An Open Letter to Nasir Ahmad El-Rufai, By Nasiru Jagaba

The Observer
4 Min Read

An Open Letter to Nasir Ahmad El-Rufai
By Nasiru Jagaba
24/01/2026

Power Without Conscience, Silence Without Shame, Blood Without Justice

Mallam Nasir Ahmad El-Rufai,

Your recent comments about an alleged “silent war against the Muslim North” would merit careful engagement if they were not framed by selective outrage, troubling amnesia, and a record in office marked by exclusion, repression, and unresolved violence.

You did not suddenly discover injustice. You have simply lost proximity to power.

Where was this alarm when Northern Muslim dominance of Nigeria’s security, judicial, and economic architecture was widely acknowledged? There were no essays, no warnings about patterns, no concerns about imbalance when key national institutions were led by individuals from the same regional and religious bloc.

During the Buhari administration, which you defended with visible loyalty, no Northern Muslim governor was imprisoned for corruption. Yet Jolly Nyame of Taraba State and Joshua Dariye of Plateau State, both Northern Christians, were jailed. There was no public protest from you about selective justice or religious profiling.

Your record in Kaduna State also drew sustained criticism from Christian communities and civil society groups who argued that governance under your watch deepened religious mistrust. The Muslim–Muslim ticket you promoted, and the pattern of appointments during your tenure, were viewed by many as dismissive of Kaduna’s fragile pluralism and history of sectarian conflict.

But the more serious questions relate to security and accountability.

During your tenure, several communities in Southern Kaduna experienced repeated attacks that left many dead and displaced. Among the unresolved issues frequently cited by critics are:

The killing of the Adara paramount ruler after returning from a meeting with you, with no widely reported prosecutions.

The kidnapping of students from Baptist High School and the limited public accountability that followed.

Repeated attacks on communities in Kaura, Zangon Kataf, Kauru, and Kajuru local governments, where victims and advocacy groups say justice was slow or absent.

These incidents created a perception among affected communities that their suffering did not receive the urgency or empathy it deserved from the state government. Reports at the time also documented arrests of community leaders, journalists, and activists who spoke out about insecurity, raising concerns about press freedom and civil liberties.

There are also lingering questions about the management of public funds. Kaduna State accessed significant loans, including World Bank financing, during your administration.
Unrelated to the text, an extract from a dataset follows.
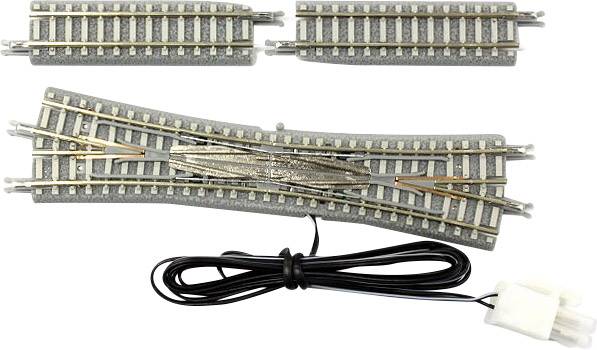 Sada modelářských kolejí s výhybkou a dvěma přímými úseky. Černý kabel s bílou zástrčkou je rovněž viditelný.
Critics from Southern Kaduna argue that development projects did not proportionately reflect the level of borrowing for which all citizens are now collectively responsible.

These concerns form the backdrop to current skepticism about your claims of injustice at the national level.

Many Nigerians believe the deeper problem facing the North is not the present federal administration but decades of leadership failures by the Northern political elite. Persistent insecurity, declining education outcomes, and rising poverty have done more to damage the region’s standing than any perceived imbalance in federal appointments.

Terrorism and banditry, not shifts in political influence, have eroded the dignity and economic vitality of the North.

The challenge before Northern leaders today is not to reclaim influence in Abuja but to rebuild trust with communities who suffered violence, to strengthen local governance, and to accept responsibility for past failures.

History remembers both what leaders say and what they overlook.